The Importance of Therapeutic Presence with Children

Repeatedly, my former child clients tell me this when they come back to visit 10, 20, or even 30 years later as they establish themselves in their adult lives. Surprising to me is the fact that at the time I was seeing these former child or adolescent clients, I did not feel that I was particularly helpful. The crises that brought them to therapy were so intense that I was unable to appreciate the power of therapeutic presence and commitment.

One of the most important insights that emerged from my private supervision with the late Walter Bonime, MD, senior training psychoanalyst, has helped sustain me during the most challenging moments of my 55-year career as a clinical psychologist working with children and families. Dr. Bonime taught me that no matter how frustrated, discouraged, angry, hopeless, or impotent the therapist may feel, it cannot begin to match the depth of the same feelings in the child.

Children taught me that sometimes “more is less.” In certain moments what is most important is that we be a caring presence, a trusted witness. The temptation is for therapists to shower intense moments with words that can diminish the transformative potential of a deep encounter with a child.

I’ve met many a “fawn in gorilla suit” during my career. The analogy suggests that the “fawn” as the core self is highly vulnerable — has been hurt too many times! The aggression (putting on the gorilla suit) is intended to protect that vulnerable fawn by keeping people at a safe distance. Yet, the longing for connection burns deeply within.

Another important understanding gained from the decades of work with children is that whenever a youth says, “I don’t care!” we should assume they once cared a lot, but it simply hurts too much, it is too great a risk to care anymore.

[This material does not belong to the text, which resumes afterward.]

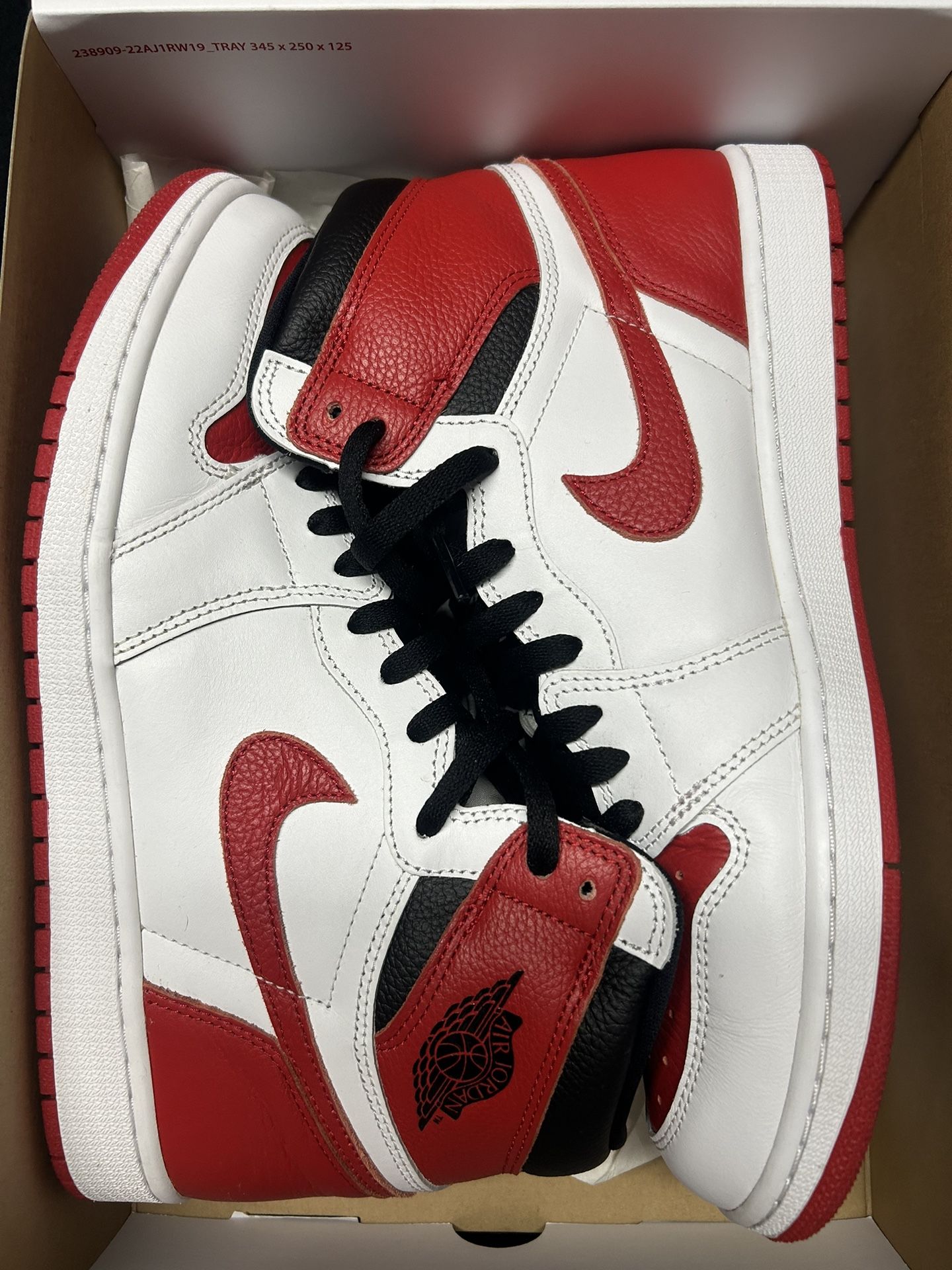Jordan 1 High OG Heritage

I’ve always told my interns and young clinicians, “when you don’t know what else to do, just treat children and families with profound respect and dignity.” They are surprised how far that goes.

Children carry within them powerful narratives that all too often no one takes the time to elicit or hear. The youth, as much as they might avoid it, long to unburden.

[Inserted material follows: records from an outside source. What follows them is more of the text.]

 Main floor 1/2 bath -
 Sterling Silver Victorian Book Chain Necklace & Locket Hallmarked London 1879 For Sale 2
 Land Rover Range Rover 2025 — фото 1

The therapist’s willingness to risk themselves in the therapy encounter, and sometimes be wrong, is a “gift” to children by creating a safer context for the child to express what is difficult to put into words.

An 8-year-old boy asked me to explain the initials after my name. This led the boy to say, “Well, you don’t look that smart!” I told him my family tells me the same thing. It reminded me of how important a sense of humility is in working with children. To connect with children, we must be willing to look like fools sometimes. Otherwise, we are no fun at all. Children will only feel free to talk when they feel free to not talk.

Our goal is to honor strengths without trivializing suffering. This is a delicate operation. The work we do is rewarding. We get paid in the currency of the heart. Some of the moments we share with children and families are precious and priceless. But our work is hard. There is an undeniable emotional toll exacted from caring for children with deeply wounded spirits.

Can we hear the hard stories without the hardening of our heart? To do so requires diligent and disciplined efforts to take adequate care of the instrument of healing — our self. As much attention in our field has been paid to the importance of self-care, each child therapist will need to reflect and honestly assess to what degree it is a priority. If we short-change ourselves, it is likely that we are also stiffing our families, and perhaps the children and families we treat as well.

[Editor’s Note: David and I are colleagues and friends, and we are honored to offer his reflection here, which is not about “what to do” with children and teens in therapy, but, “how to be.”]

Questions for Thought and Discussion 

  • In what ways is the author’s orientation to child therapy Similar to your own?
  • What have you found to be the most effective ways to intervene with children and teens?
  • What have you found to be some of the greatest challenges in working with young clients?